### Source information
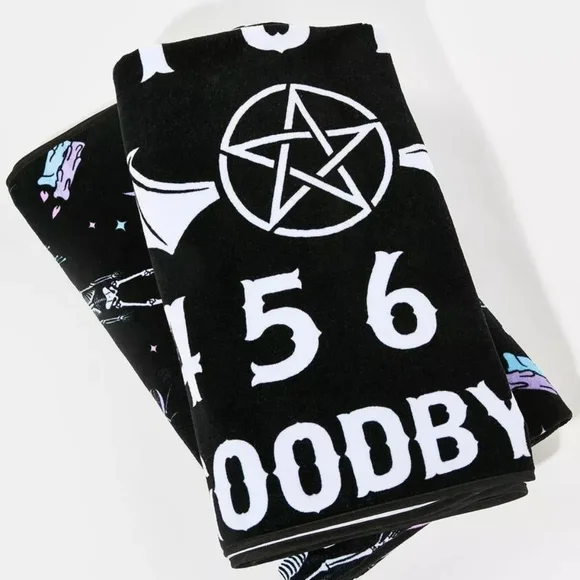 Dolls kill Goth Witchy Black Ouija Talking Spirits Board Beach Towel Model Robe - Picture 3 of 8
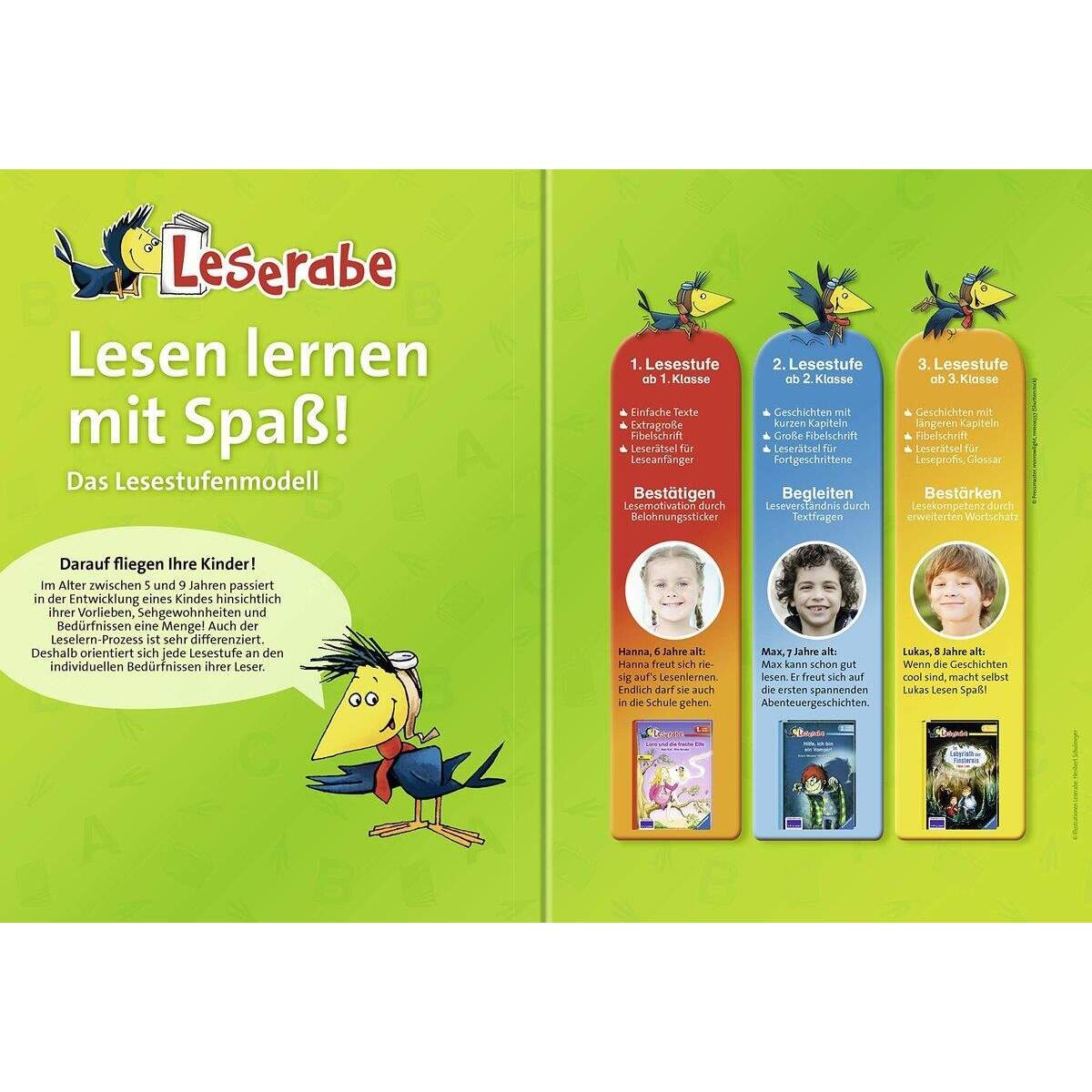 Ravensburger Leserabe, Lesestufe 2 - Sticker-Kreuzworträtsel zum Lesenlernen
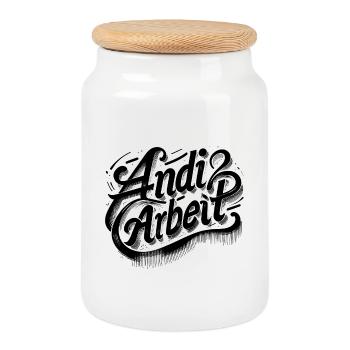 Andi Arbeit! Andreas, Andi, Andrea, Andy, Name - Keksdose mit Holzdeckel - Weiß - Vorne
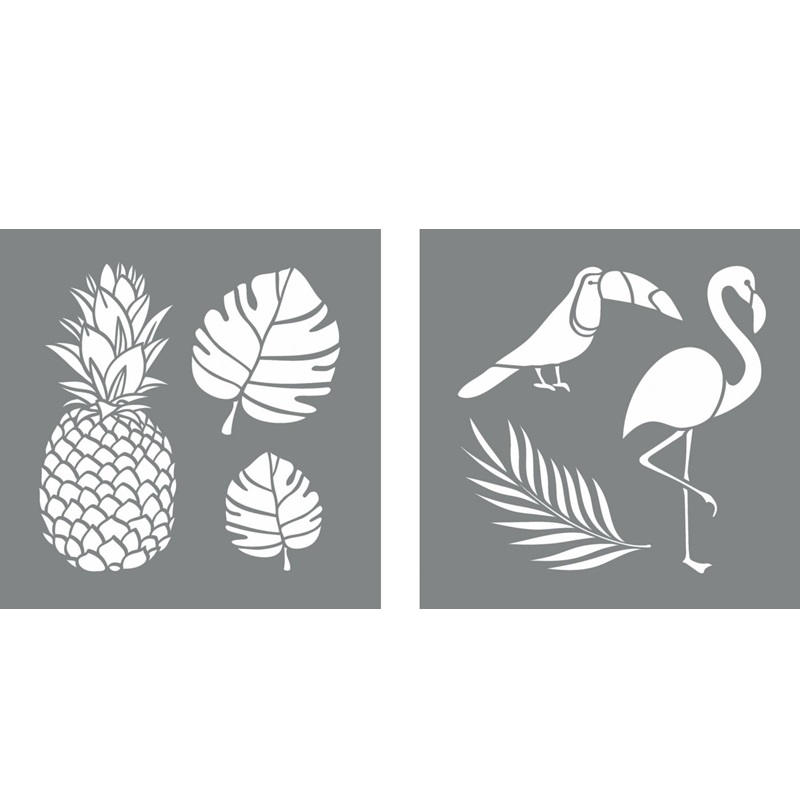 R38979000.jpg RAYHER STENCIL 20X20CM 2PCS TROPICAL - Image 1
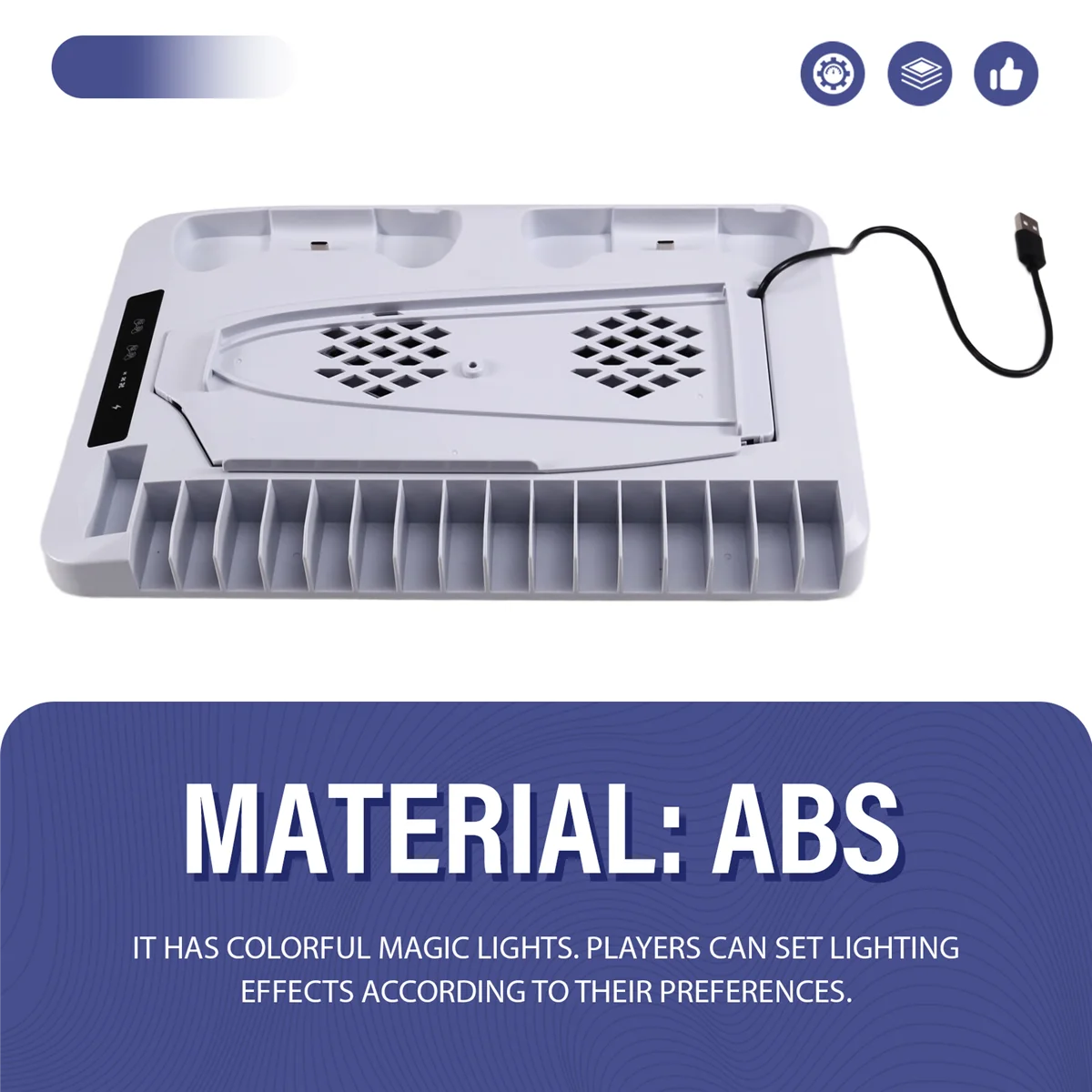 A002 RGB Cooling Base Gamepad Charging Stand for Console Holder Headset Hook Game CD Storage Rack for Disc & Digital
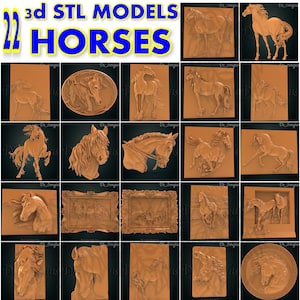 MODELOS 3D STL, Caballos, Animales, Vida silvestre, Bosque, Relieve, Archivo STL de imagen, stl, 3d cnc, Archivo cnc, Enrutador, Archivo 3d stl, Archivo cnc stl, Artcam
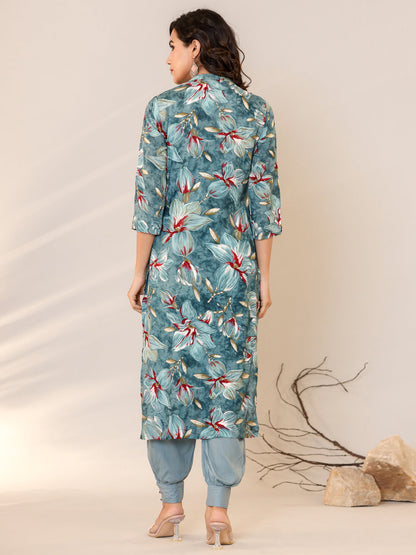 Straight Style Silk Fabric Blue Color Floral Printed Kurti And Bottom With Beads Work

### Work request
From the line with "Andi Arbeit! Andreas, Andi, Andrea, Andy, Name" to the final line of the records, inclusive, set down the lines exactly and add nothing; leave every picture out.

### Your response
 Andi Arbeit! Andreas, Andi, Andrea, Andy, Name - Keksdose mit Holzdeckel - Weiß - Vorne
 R38979000.jpg RAYHER STENCIL 20X20CM 2PCS TROPICAL - Image 1
 A002 RGB Cooling Base Gamepad Charging Stand for Console Holder Headset Hook Game CD Storage Rack for Disc & Digital
 MODELOS 3D STL, Caballos, Animales, Vida silvestre, Bosque, Relieve, Archivo STL de imagen, stl, 3d cnc, Archivo cnc, Enrutador, Archivo 3d stl, Archivo cnc stl, Artcam
 Straight Style Silk Fabric Blue Color Floral Printed Kurti And Bottom With Beads Work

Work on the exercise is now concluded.